一群女生围在一起,中间站着趾高气昂的原野大少爷,不过,众人的焦点可不是这个爱耍宝爱现的人,而是他怀中抱着的一只小狗。
超过半米的身长,虽然不是肥嘟嘟的,但是也不那么羸弱,而是显得精干和有些矫健,浑身都是油亮的黑色皮毛,但是四肢、腹部、尾尖都是雪白的,从后颈有一条白色延伸到长长的犬吻,和下颚腹部的白色连成一体,以至于它刚毅的脸部纹样有点儿熊猫的憨状。
就是这样一条小狗,赢得了全团所有女生的一致喜爱,大家都迫不及待地向着这条小狗“张牙舞爪”。不过这条小狗可不像它看上去那么乖巧,只见它得到众人的“挑逗”之后,立马成了标准的“人来疯”,从原野怀中挣扎下来,开始了它生平首次的大闹艺术团。
一会儿疯狂地追逐着某个女生,一会儿奋力地向另一个女生身上扑,一会儿撕咬着谁的牛仔裤,一会儿又张开大嘴对着别人又是轻咬又是舔的,直把所有女生折腾得尖叫连连。
见此情景,男生们来劲了,高呼着狗儿的名字,一个个以更甚于小狗的精力带着小狗开始东奔西跑、上窜下跳,用各种方式引领着小狗宣泄它或他们充沛的体力以及爱玩爱闹的个性。
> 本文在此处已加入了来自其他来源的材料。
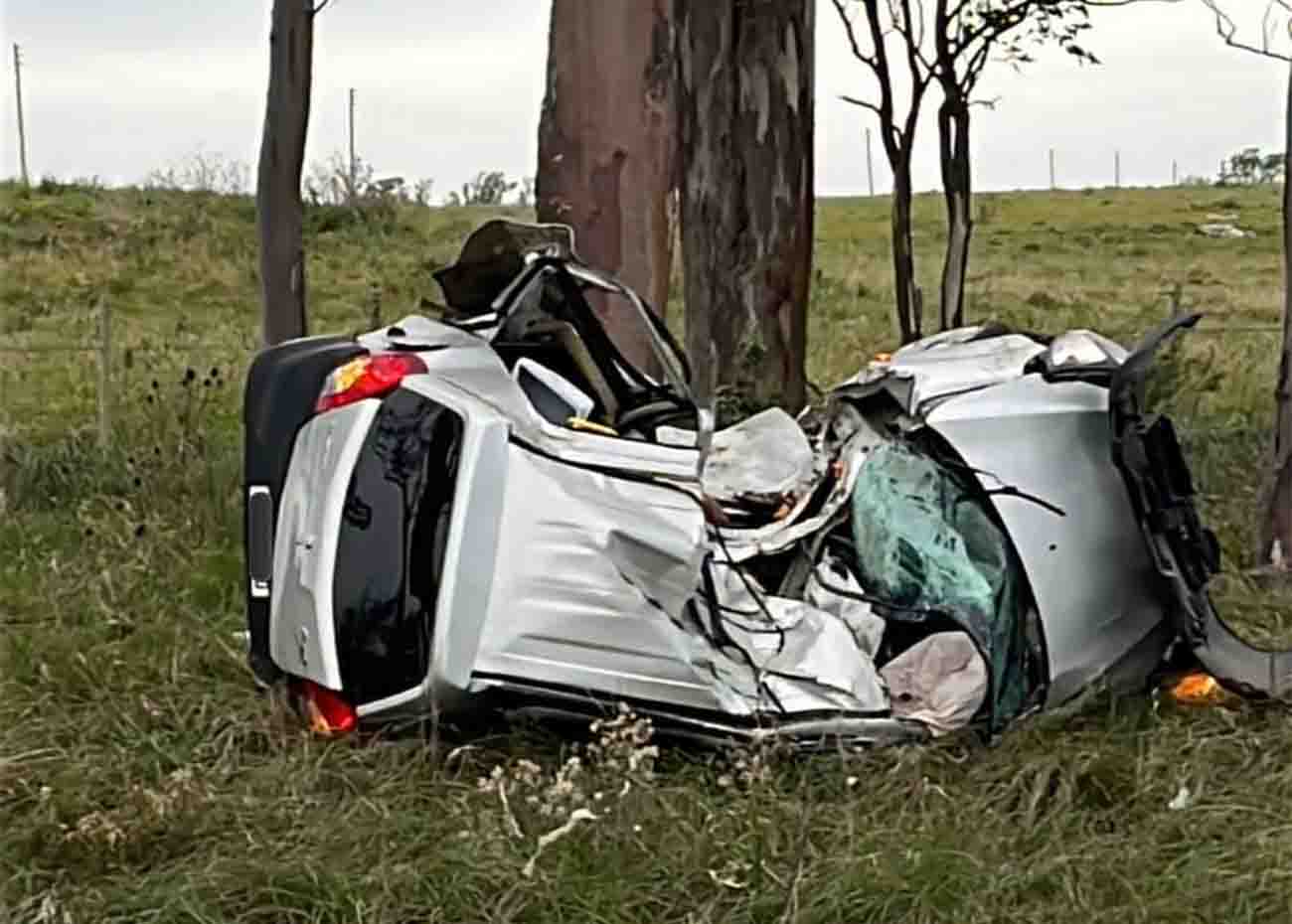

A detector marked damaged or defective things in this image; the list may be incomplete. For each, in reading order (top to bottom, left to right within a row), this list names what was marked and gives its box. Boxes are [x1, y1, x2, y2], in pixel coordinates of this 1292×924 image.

severely crushed car [244, 220, 1288, 747]
overturned vehicle [244, 220, 1288, 747]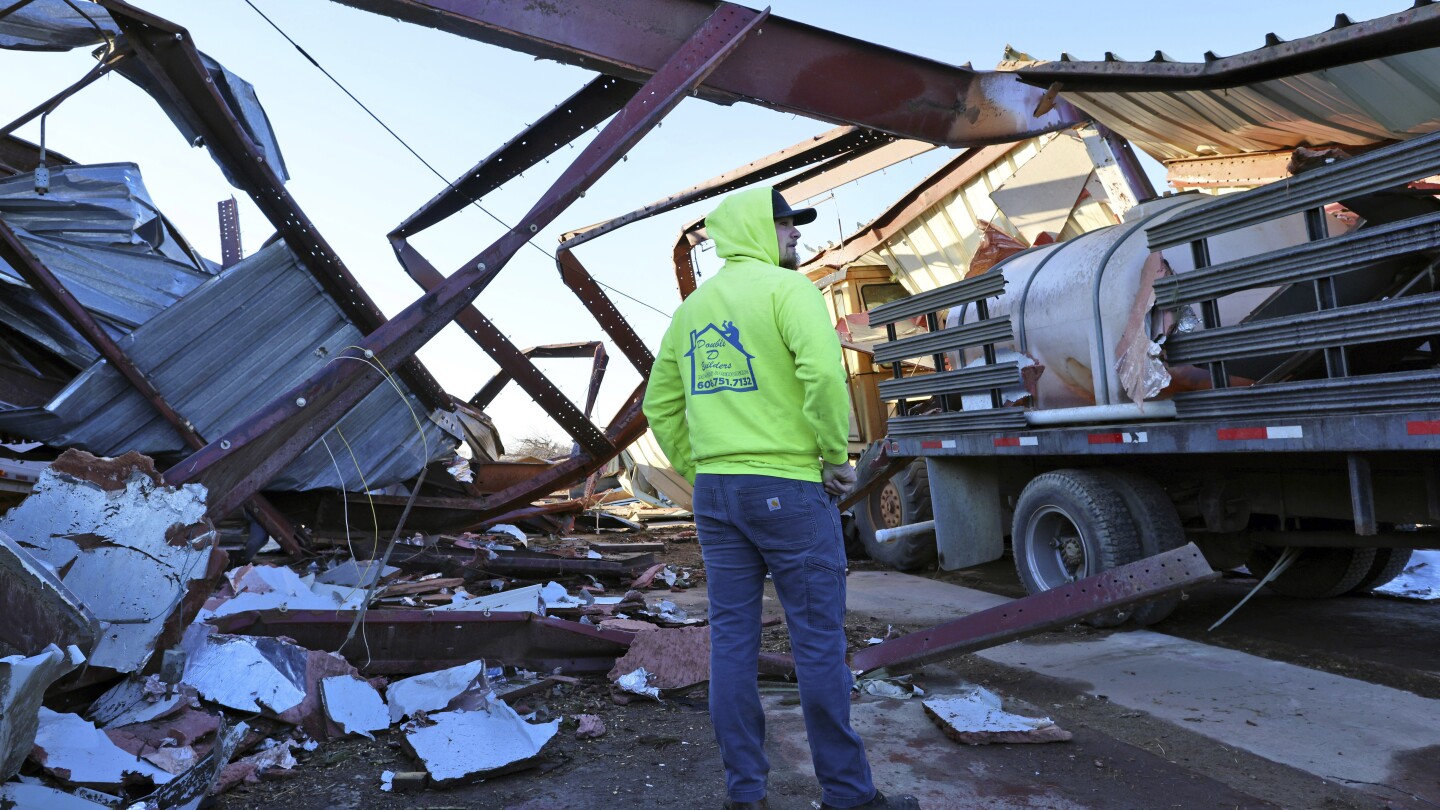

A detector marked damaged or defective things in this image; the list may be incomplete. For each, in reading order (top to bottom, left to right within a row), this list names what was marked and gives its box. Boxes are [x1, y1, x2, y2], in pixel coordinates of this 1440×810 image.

rusted steel beam [0, 216, 303, 553]
crumpled metal siding [0, 237, 449, 492]
rusted steel beam [96, 1, 449, 409]
rusted steel beam [165, 3, 766, 518]
rusted steel beam [397, 239, 616, 458]
rusted steel beam [397, 73, 639, 237]
rusted steel beam [555, 250, 659, 374]
rusted steel beam [326, 0, 1077, 144]
rusted steel beam [558, 126, 875, 249]
rusted steel beam [1013, 2, 1440, 92]
crumpled metal siding [1054, 49, 1440, 160]
broken concrete slab [0, 639, 81, 778]
broken concrete slab [0, 527, 98, 651]
broken concrete slab [32, 706, 171, 789]
broken concrete slab [0, 449, 216, 671]
broken concrete slab [321, 671, 388, 735]
rusted steel beam [205, 608, 633, 671]
broken concrete slab [385, 660, 486, 720]
broken concrete slab [408, 700, 564, 784]
broken concrete slab [601, 625, 708, 686]
broken concrete slab [921, 683, 1071, 743]
rusted steel beam [846, 544, 1221, 671]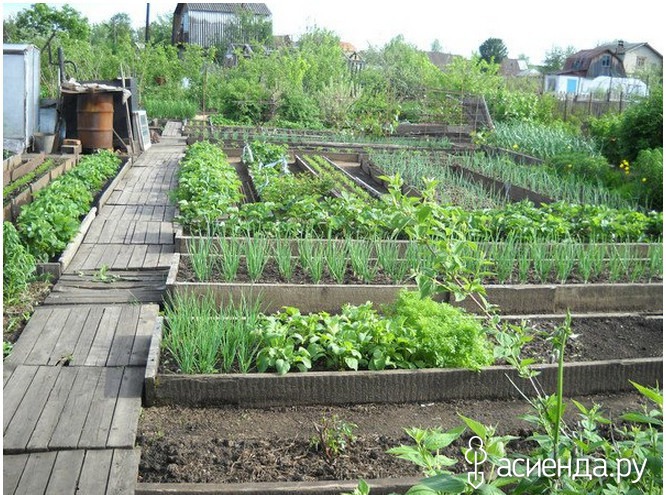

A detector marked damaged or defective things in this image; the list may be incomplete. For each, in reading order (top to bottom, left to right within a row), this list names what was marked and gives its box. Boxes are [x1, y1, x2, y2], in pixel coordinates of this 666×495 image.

rusty metal barrel [76, 93, 113, 151]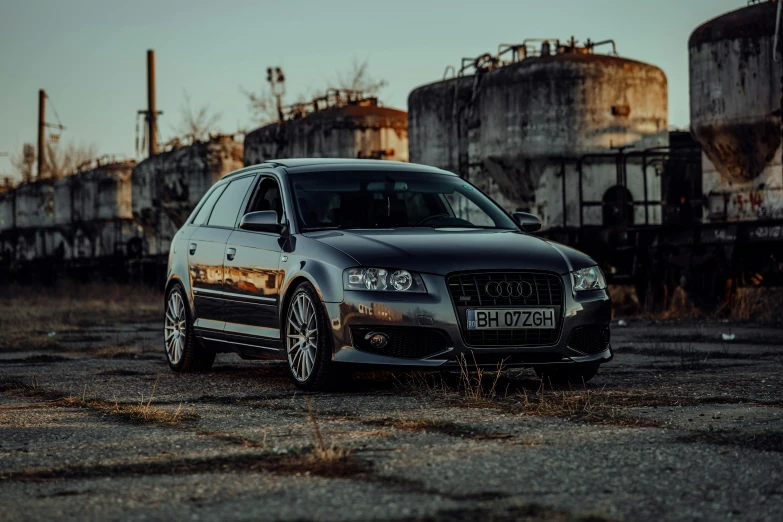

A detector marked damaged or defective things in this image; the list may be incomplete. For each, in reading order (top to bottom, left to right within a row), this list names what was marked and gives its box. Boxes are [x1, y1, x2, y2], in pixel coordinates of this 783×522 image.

rusty silo [245, 91, 408, 165]
rusty storage tank [243, 92, 410, 166]
rusty metal container [245, 94, 408, 165]
rusty metal container [410, 39, 668, 226]
rusty storage tank [408, 39, 672, 226]
rusty silo [408, 39, 672, 226]
rusty storage tank [688, 0, 780, 220]
rusty silo [688, 0, 780, 220]
rusty metal container [688, 0, 780, 220]
rusty storage tank [54, 156, 136, 258]
rusty silo [54, 156, 136, 258]
rusty storage tank [132, 134, 243, 256]
rusty silo [132, 134, 243, 256]
rusty metal container [132, 135, 243, 255]
cracked asphalt ground [1, 294, 783, 516]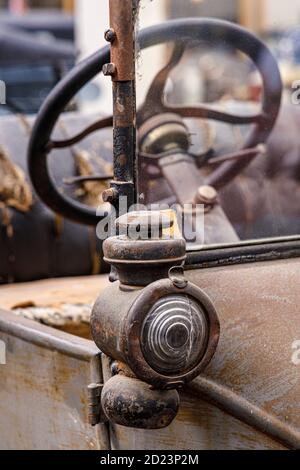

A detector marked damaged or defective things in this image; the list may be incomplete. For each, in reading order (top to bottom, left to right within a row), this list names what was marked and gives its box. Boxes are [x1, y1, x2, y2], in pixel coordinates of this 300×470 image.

是啊!这样一条精神头十足的狗怎么能是女生们手中任意摆布的玩物呢?分明应该是追随着男人们信马由缰、驰骋拼杀的忠诚伙伴啊!
这时,原野有些得意地说了一句话:
“嗯!看来,还是异性的魅力大啊!”
雪儿、顾颉和子琳一直在旁边看着,看着一群半大不小的人疯闹着,三个人的脸上都是不可捉摸的表情,不过有一点疑问是一样的:原野平常不按常理出牌也就算了,可是今天他带这样一条狗来的意义何在呢?
听到原野的那句话,顾颉不露声色地撇撇嘴,恰好被原野看到了,于是原野向三人的方向走过来。
“你们怎么不去跟我家花妮儿玩啊!”
听到这个名字,三个人的额前同时浮现黑线三条,好像有什么东西哽在食道即将喷涌而出似的。像是预见到了三个人的反应一样,原野不知道笑得有多开心。以雪儿为首,三个人一起抱着双臂,以防御性极强的姿态冷冷逼视着原野。
“喂喂喂!你们,干什么啊!怎么这样对着我啊!!哈哈,我知道了,是‘花妮儿’这个名字吓到你们了?”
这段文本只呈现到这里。